I rember watching it when I was about 9 when it originally aired. It literally TERRIFIED me and I couldn’t stop thinking about it for weeks. I rhino I finally just blocked out of my mind, but every now and then I’d have vague memories of some alien that sucked I people, then spit then out all burned up.
Seeing Space:1999 again made me remember ithat it was the show with THAT alien monster. Thanks to the internet and Google, I was able to find this page in about 5 seconds and realize I wasn’t the only kid traumatized by ‘Dragon’s Domain’.
I haven’t seen that episode aired yet, but now I know which one to watch for to prepare myself when it does. 😱

Simon

OMG. I thought I was alone. This absolutely scarred me, sitting in front of the TV with my dad at the age of 8. And yet, both of my kids watched Alien at the same age and were utterly unmoved by it. I can’t explain that at all.

Peter C

I think I must have seen this when it was reshown in ITV regions between 1982 and 1985. I can’t believe I would have seen its original 1975 airing as I would have been between 3 and 4.
That said, I had an utterly terrifying nightmare of being IN this story, and didn’t remember that it had been an actual episode, so it was a very nasty surprise many, many years later when I ran across it again.
The other scary Space 1999 moment, of course, would be the end of Death’s Other Dominion!
How they got away with broadcasting this stuff on Saturday morning kid’s TV is beyond me.

K. Jespersen

No wonder my cousin never let my little cousins watch “Space: 1999” even though she loved it so.

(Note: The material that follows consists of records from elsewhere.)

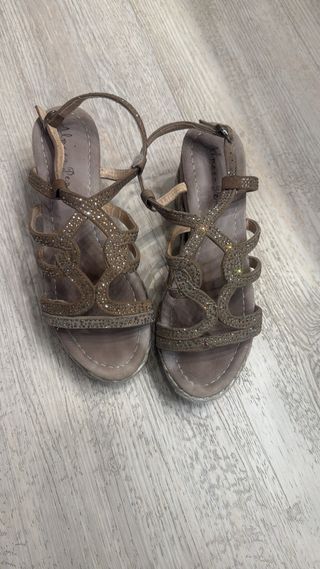 Sandalias grises con plataforma y pedrería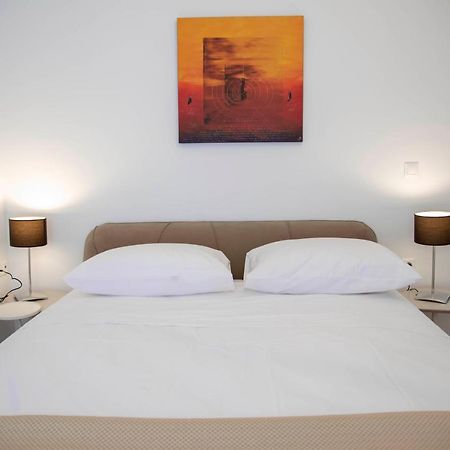 Konstantinos Stylish Brand New Apt In The Heart Of Atenas Exterior foto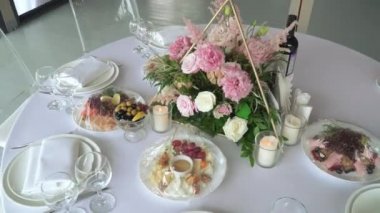 Şenlikli bir ziyafette sofra kurulacak.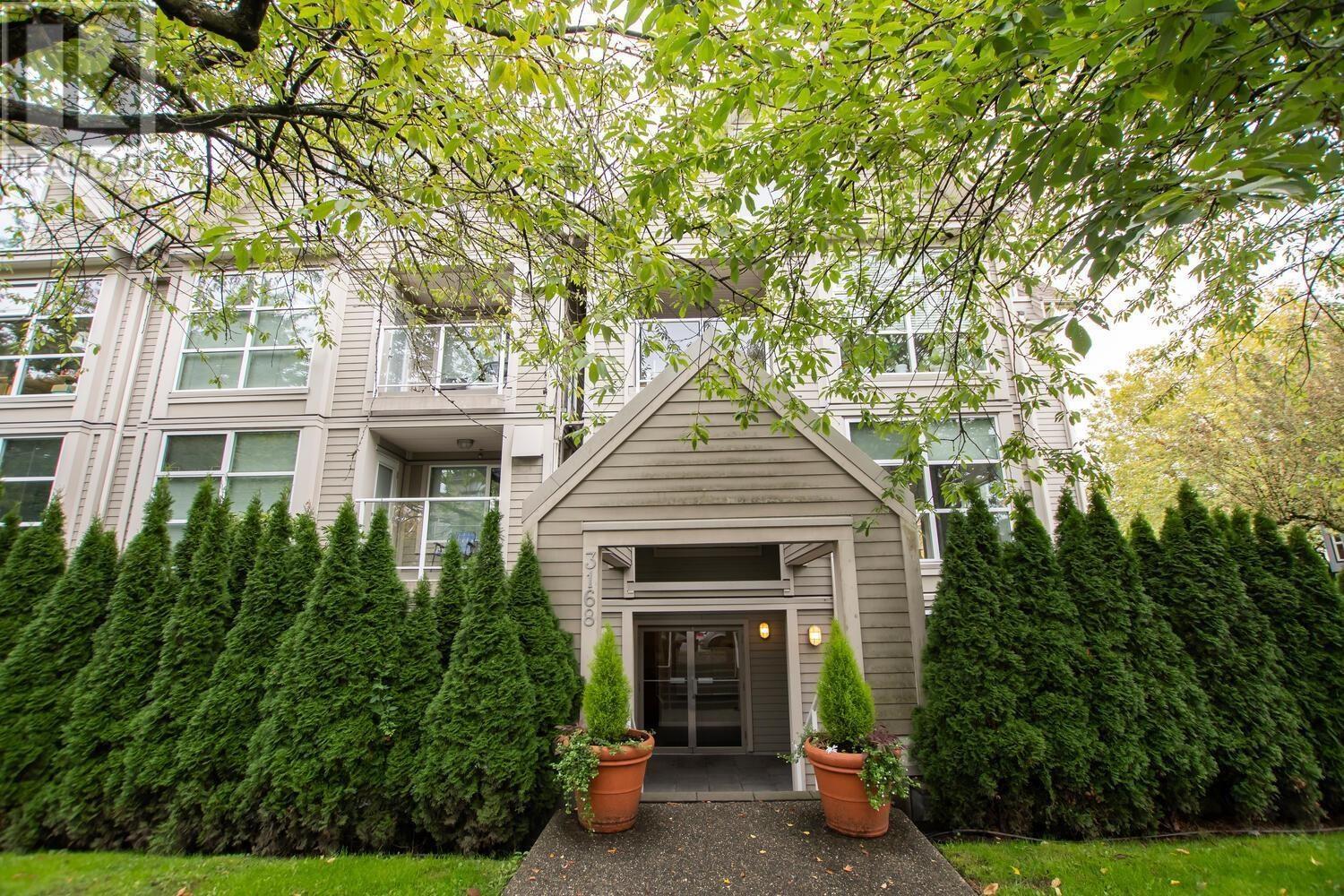 Listing Picture 2 of 27 : 303 3168 LAUREL STREET, Vancouver / 溫哥華 - 魯藝地產 Yvonne Lu Group - MLS Medallion Club Member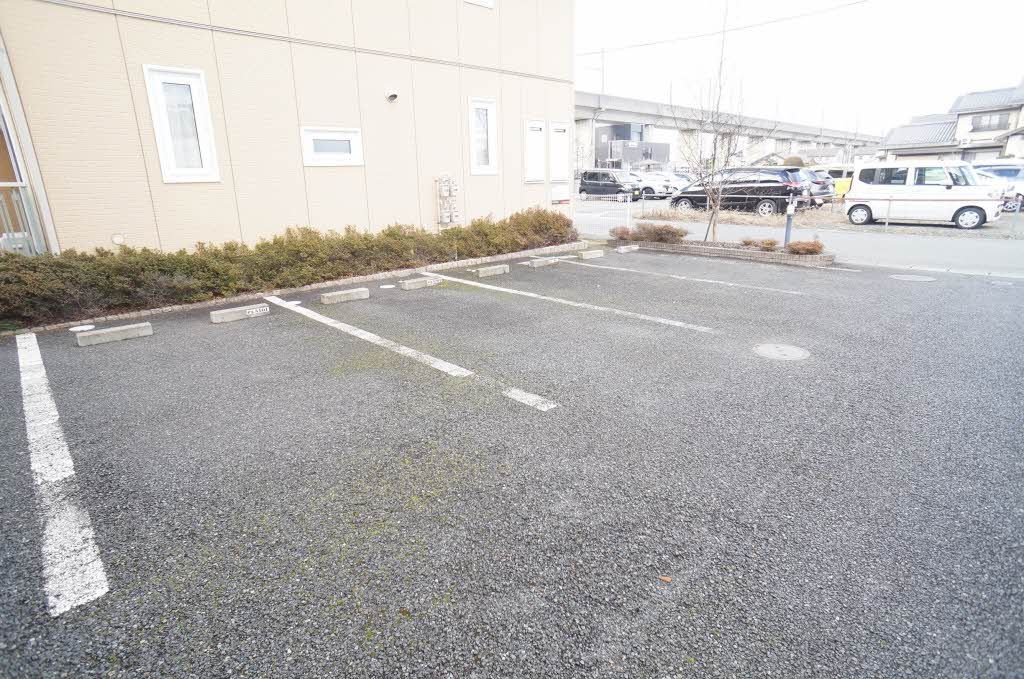 建物外観　駐車場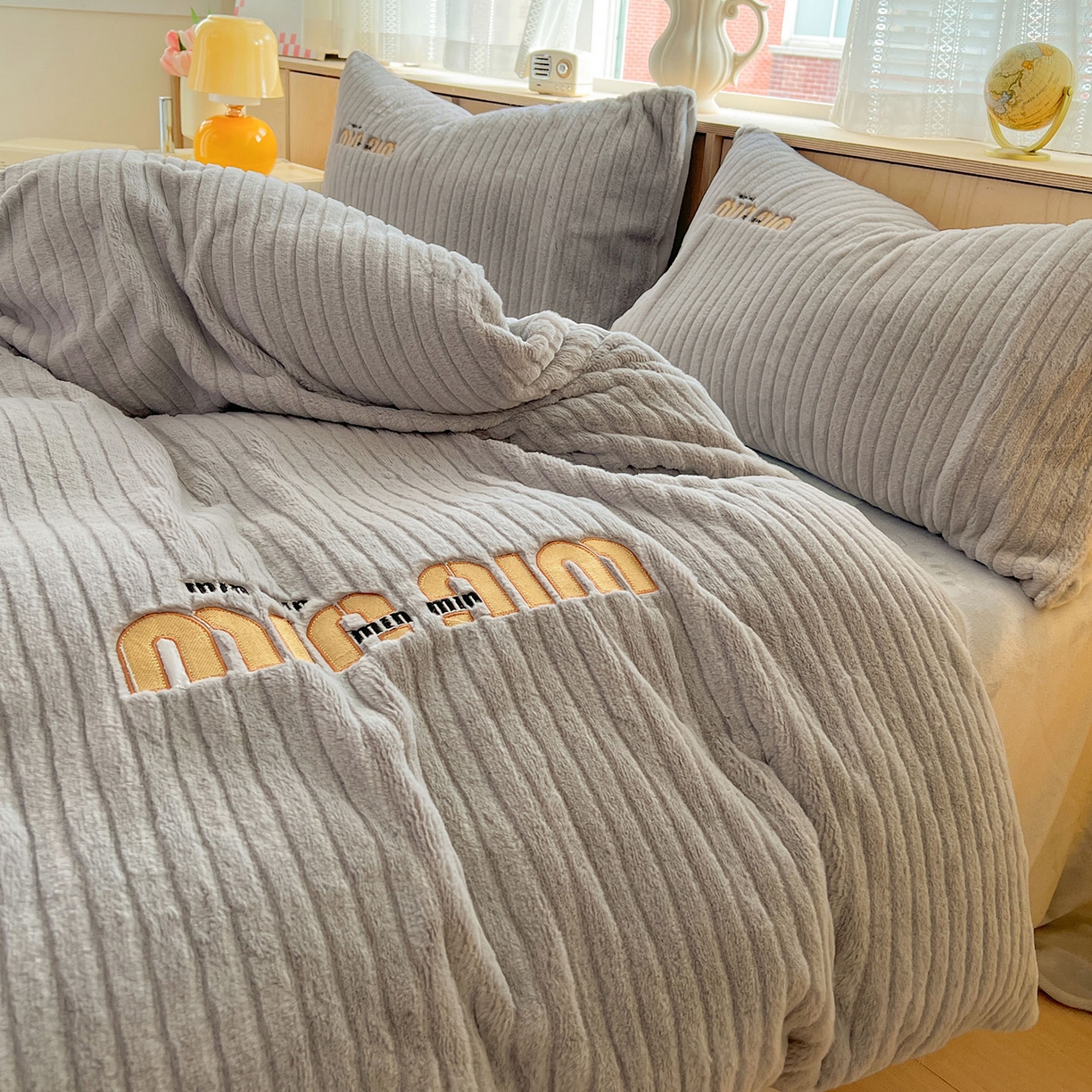 91家纺网 家纺一手货源 找家纺 十方家居 2025新款9斤加厚真兔毛刺绣高克重全消光牛奶绒四件套 MIUMIU-浅灰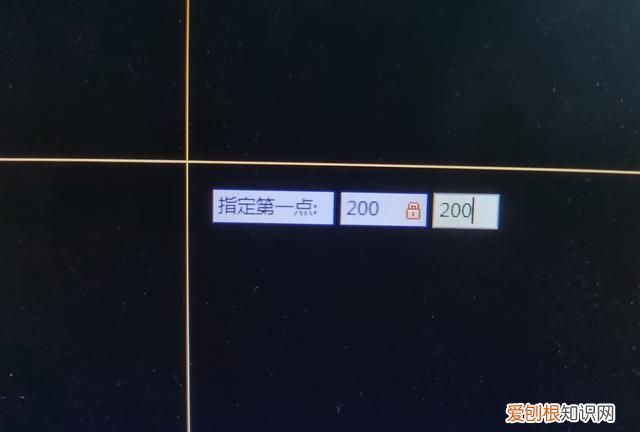 如何在cad中输入坐标点,CAD如何输入坐标点和点名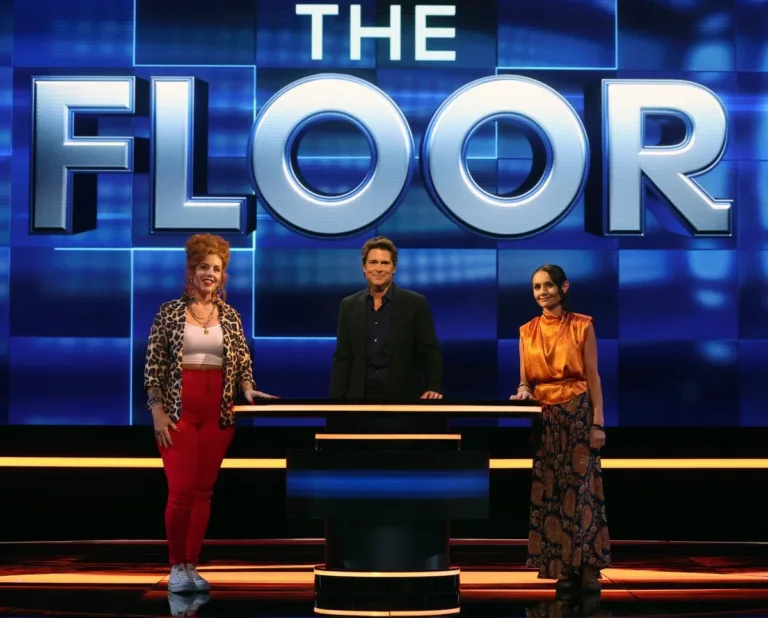 THE FLOOR: Rob Lowe in the “Gamble for Glory" episode of THE FLOOR airing on Wednesday October 21 (8:00-9:00 PM ET/PT) on FOX. CR/ Lorraine O’Sullivan / FOX. ©2026 FOX Media LLC.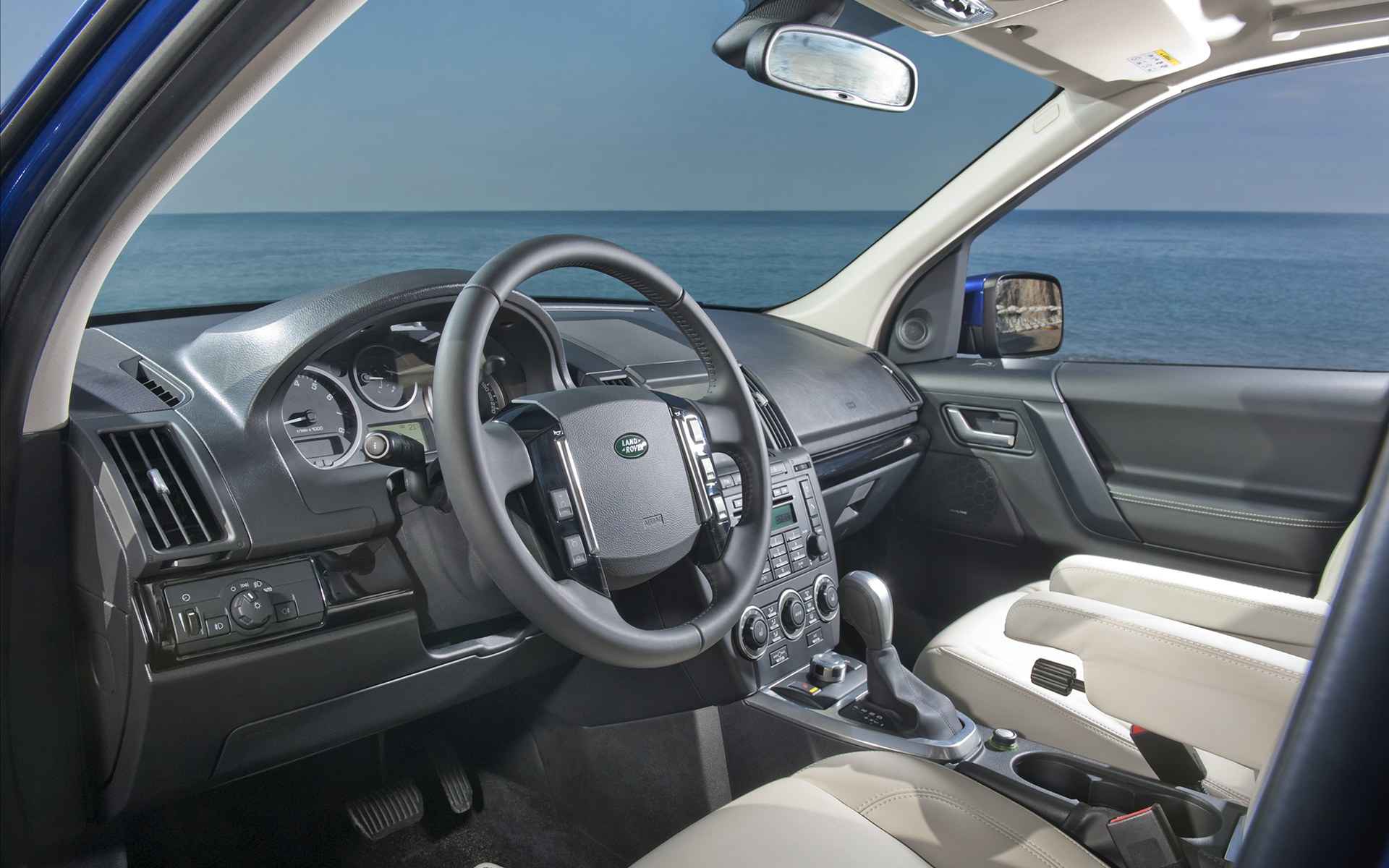 Land Rover Freelander2½ߣ 2011(ֽ20)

I’m not convinced that episode would have freaked me out, given that “Neverending Story” and “Brave Little Toaster” were integral parts of my experience. Sympathetic characters died to horrible creatures and bad situations–that’s life. What DID terrify me at age 9, though? The Planet-Eater from the original “Star Trek.” Papier-mache cones that baked planets to death with all of the people on them were Not Cool. And that incredibly depressed captain or engineer who rode the dead ship into the thing’s throat? Into that horrible, awful, red glow?! AUGH!!!

My parents never did figure out why I started sleeping at the foot of my bed. They thought there must be a draft from the window they’d placed it under. I just didn’t want to see the Planet-Eater coming for Earth.